The Capitol Arts Complex, consisting of the historic theatre as well as Cinema Capitol, will begin its fundraising campaign to support its restoration, Executive Director Art Pierce announced in a press conference this morning.
The theatre is seeking $1.5 million in donations from the public to reach its $5.25 million goal, having raised already $3.75 million during the “quiet phase” of the fundraiser from “grants, foundations and corporate
The Capitol will also receive $2.5 million from the city’s $10 million Downtown Revitalization Initiative award, the single largest allocation of any DRI project.
“Today, we are starting our public campaign to procure these funds,” Pierce said this morning. “We will be engaging in various activities to create awareness for our project, including a restoration open house next month, date to be announced.”
The restoration work will include the recreation of the theatre’s original 1928 marquee and vertical blade sign — described by Romans of the 1920s and 1930s as a “beacon of the street” in the city’s downtown.
The historic theatre is also slated for roof and facade repair, seat replacement and restoration, and authentic recreation of its 1939 carpeting and wall fabric.
“In conjuction with the work to be performed at the historic Capitol, one of the recently acquired buildings which is directly behind the Cinema Capitol building will be renovated into a multipurpose space to be used for exhibitions, rehearsals, and performances on a smaller scale than those that are often seen on the Capitol’s main stage,” Pierce said.

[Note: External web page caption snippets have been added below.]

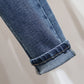 Jeans Women Stretch High Waist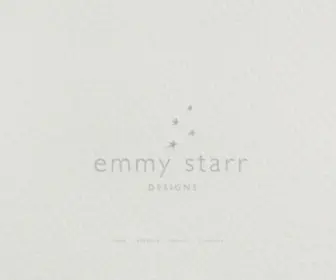 Emmystarrdesigns.com(Emmy starr designs) Screenshot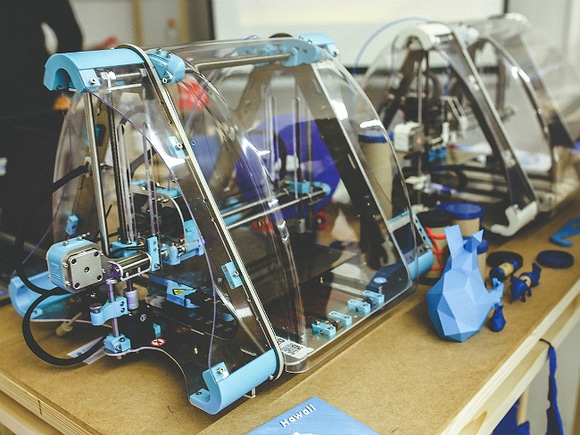 Общество: В Британии впервые осудили мужчину за изготовление оружия на 3D-принтере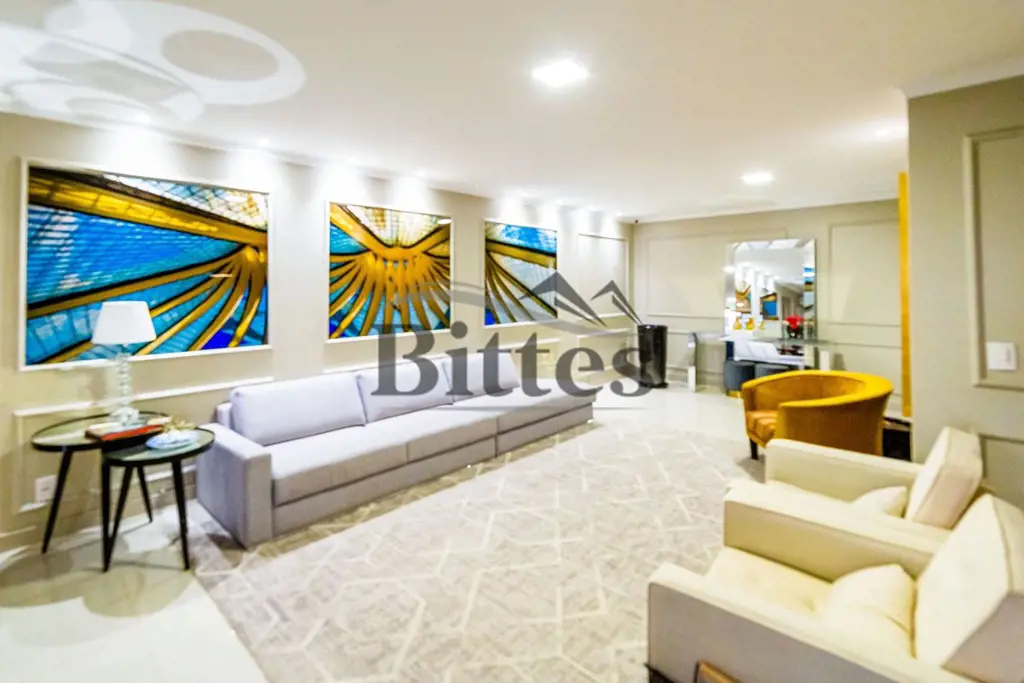 Magnífico apartamento no Chateau Du Parc com 212,01 m², nascente com vista para ...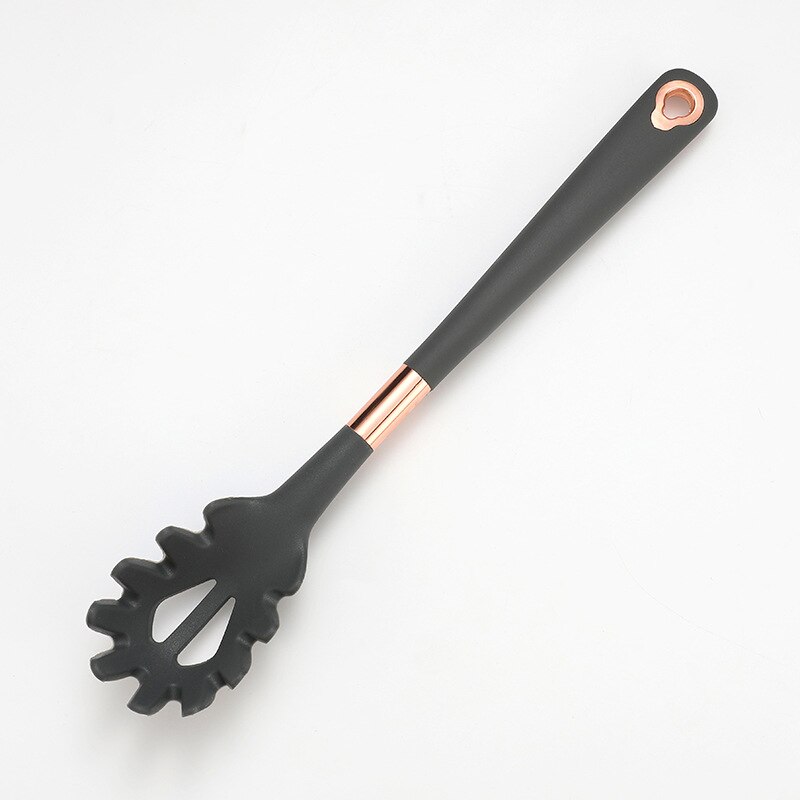 Silicone Kitchenware Set Heat Resistant Cookware Non-Stick Utensils Cooking Gadget Kitchen Accessories Baking Tools With Storage: Flour claws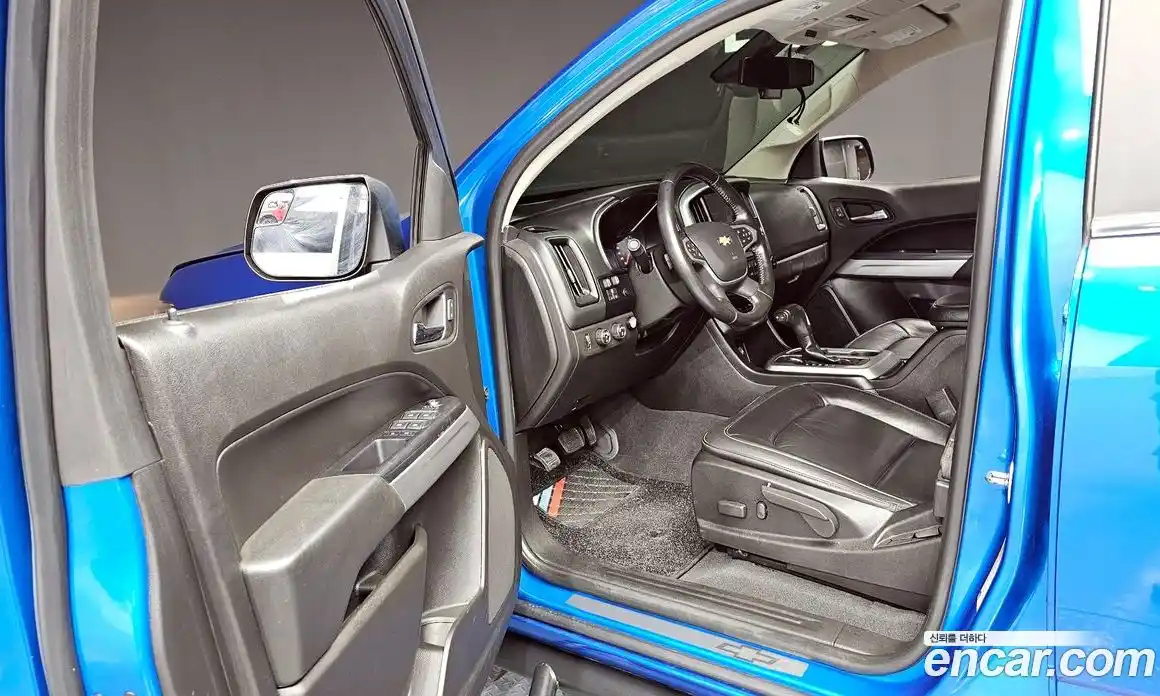 Chevrolet Colorado 2020 3.6 гидро, фото 10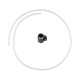 Creality K2/K2 Pro/K2 Plus/M300 filament spool holder inlet for K2 Pro_K2 Plus_K2_Sermoon M300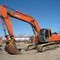 Hitachi, Hyundai, Doosan.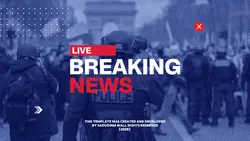 BREAKING NEWS CLEAN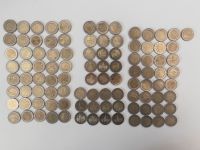 100x 2 Euro Münzen, Münzsammlung Niedersachsen - Osterholz-Scharmbeck Vorschau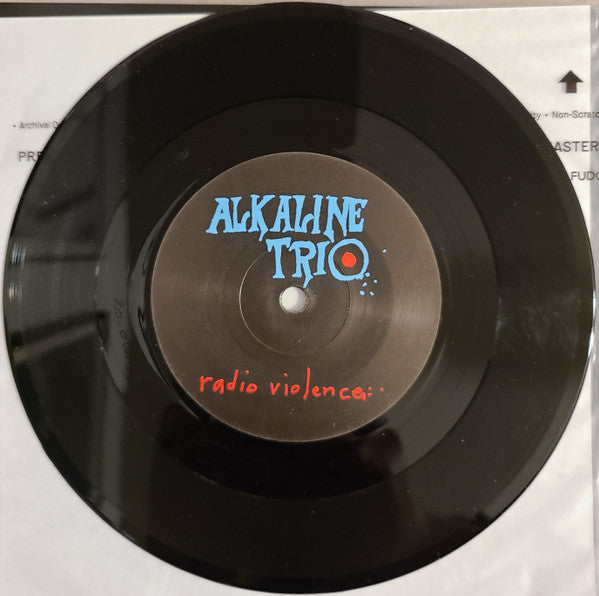 E.P. (7") | Mint (M) Mint (M)-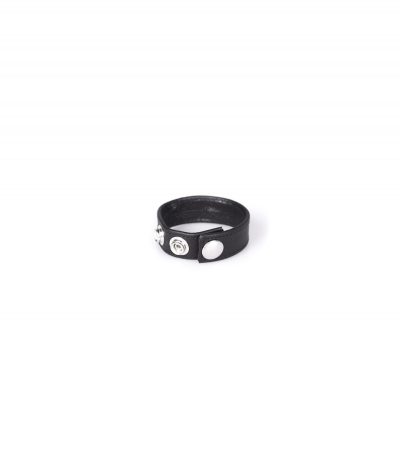 ADJUSTABLE LEATHER RING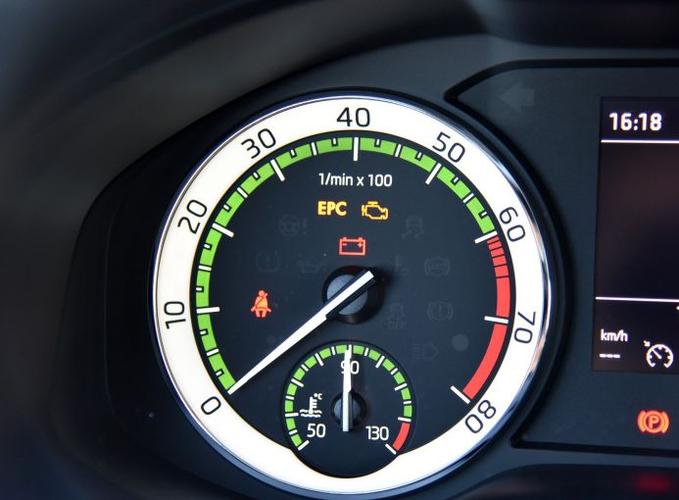 汽车水温为什么定在90(汽车水温表图片)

Theatre management also used to occasion to announce its rebranding as the Capitol Arts Complex, reflecting the venue’s growing and diverse programming schedule.
“It has been recognized that the name ‘Cinema Capitol’ is no longer adequate to describe the multi-facility performance center that we have become,” Pierce explained.
“’Capitol Theatre’ will still be used to describe the historic building you’re in now, and the complex will now be called the Capitol Arts Complex.”
According to Pierce, the theatre saw declining use after reopening as Capitol Civic Center in 1985, holding only 17 performances in the year 2001.
By 2010, that number reached 100 events. Today, with the addition of Capitol Cinema next door, where first-run independent films are screened every day of the year, the complex holds more than 1,000 events annually.
“Combined with the shows at the historic Capitol, the complex offers more than 1,400 shows annually, which is on par with the number of shows the Capitol Theatre did during our years as a first-run movie house in the so-called golden age of Hollywood, in the ‘30s,, ‘40s and ‘50s,” Pierce said.